[[ Records supplied open ]]

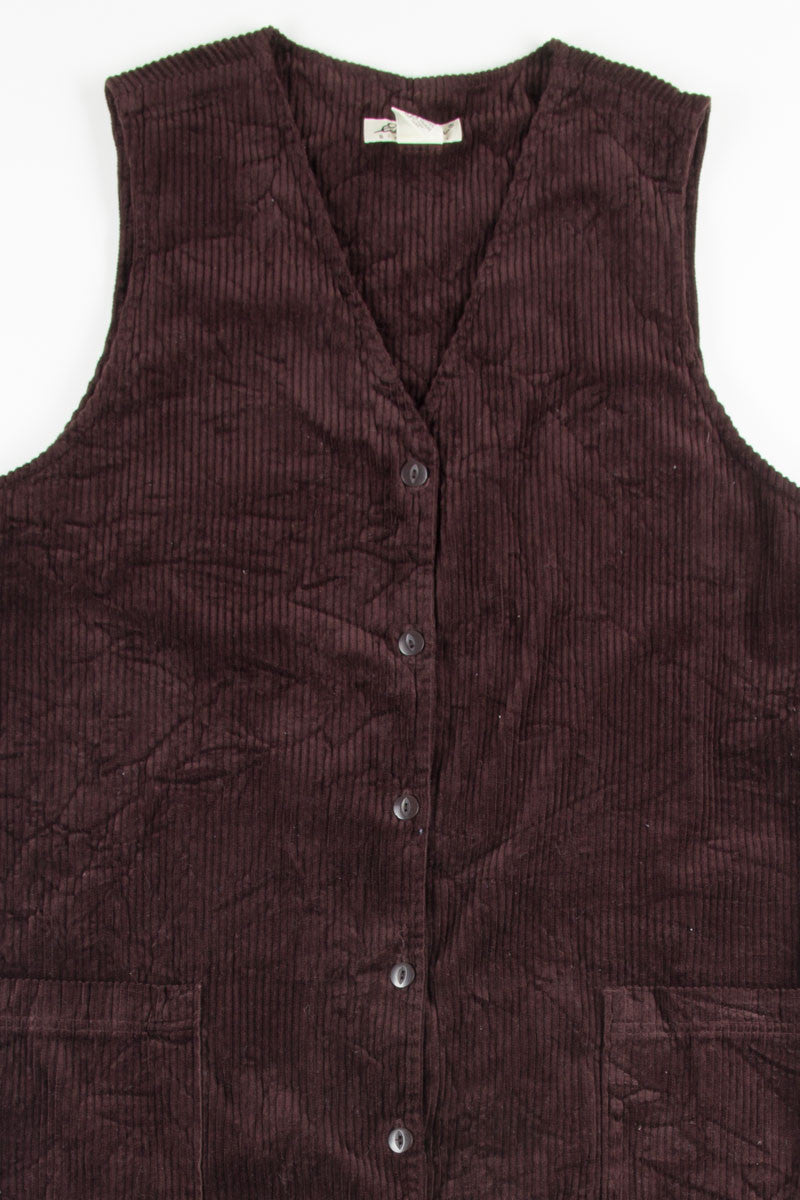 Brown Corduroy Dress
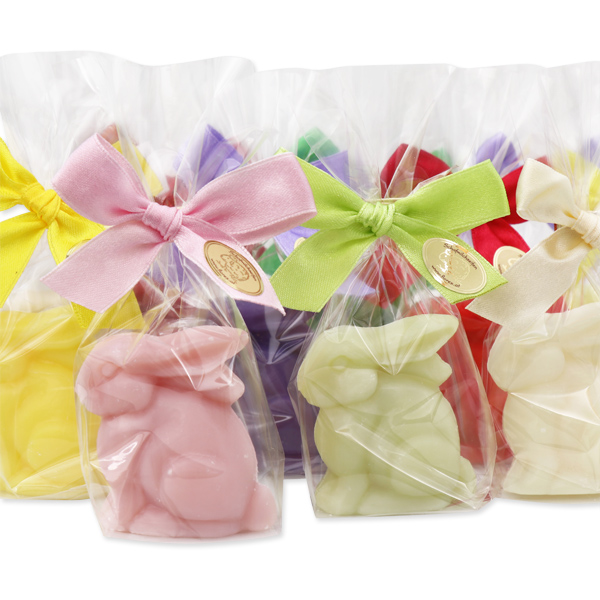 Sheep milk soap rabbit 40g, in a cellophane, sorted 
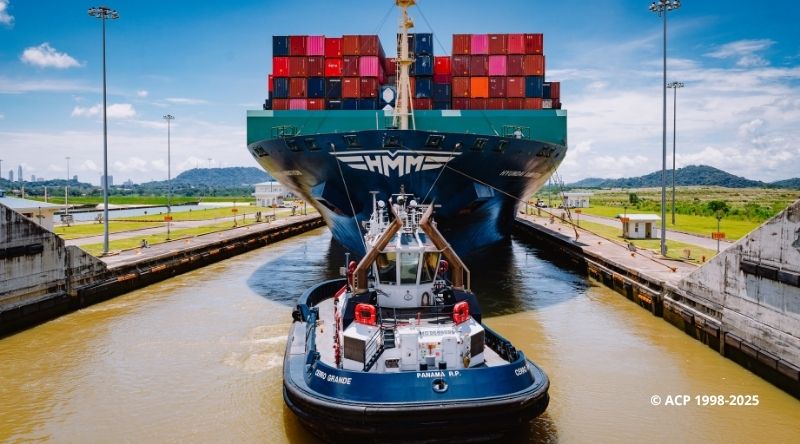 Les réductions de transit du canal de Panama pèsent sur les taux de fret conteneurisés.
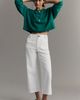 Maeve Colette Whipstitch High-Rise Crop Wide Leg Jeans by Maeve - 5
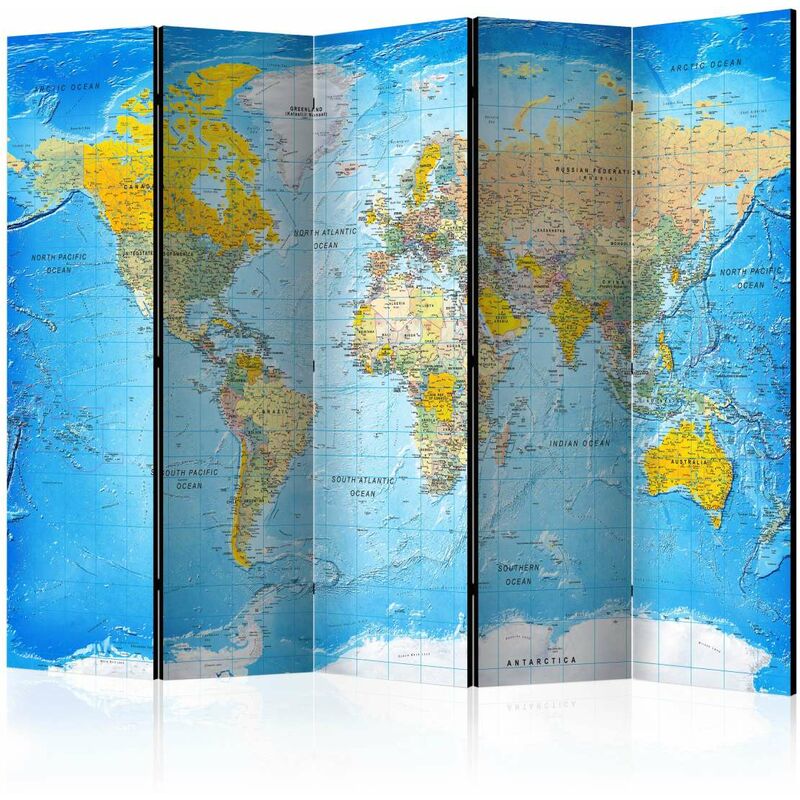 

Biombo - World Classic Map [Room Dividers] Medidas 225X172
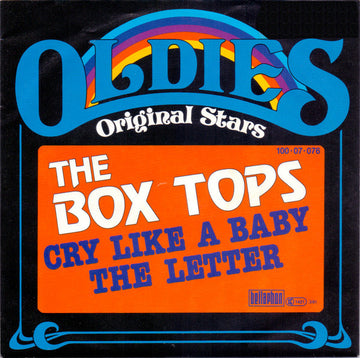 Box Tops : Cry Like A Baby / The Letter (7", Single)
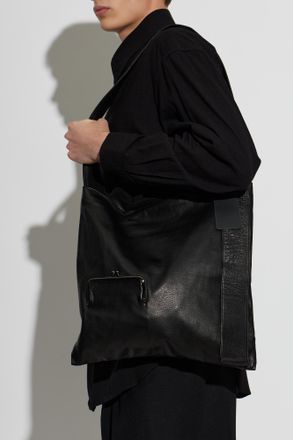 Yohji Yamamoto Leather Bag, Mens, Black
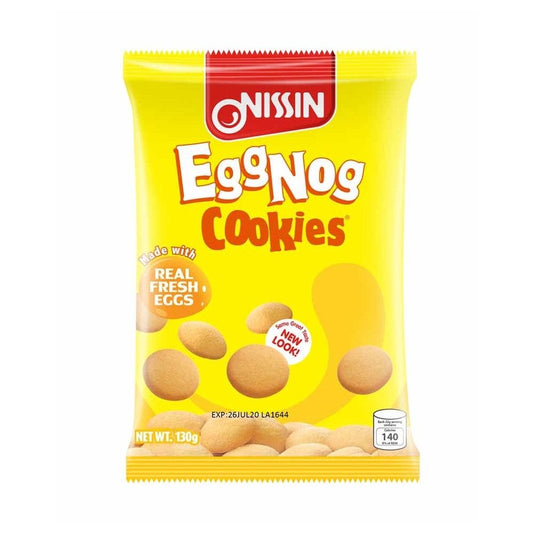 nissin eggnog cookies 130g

[[ Records supplied closed ]]

**Directions for this task:**
Reproduce all of the entries exactly as they appear, though any picture they include must be omitted.

**Answer to the problem:**
 Brown Corduroy Dress
 Sheep milk soap rabbit 40g, in a cellophane, sorted 
 Les réductions de transit du canal de Panama pèsent sur les taux de fret conteneurisés.
 Maeve Colette Whipstitch High-Rise Crop Wide Leg Jeans by Maeve - 5

Biombo - World Classic Map [Room Dividers] Medidas 225X172
 Box Tops : Cry Like A Baby / The Letter (7", Single)
 Yohji Yamamoto Leather Bag, Mens, Black
 nissin eggnog cookies 130g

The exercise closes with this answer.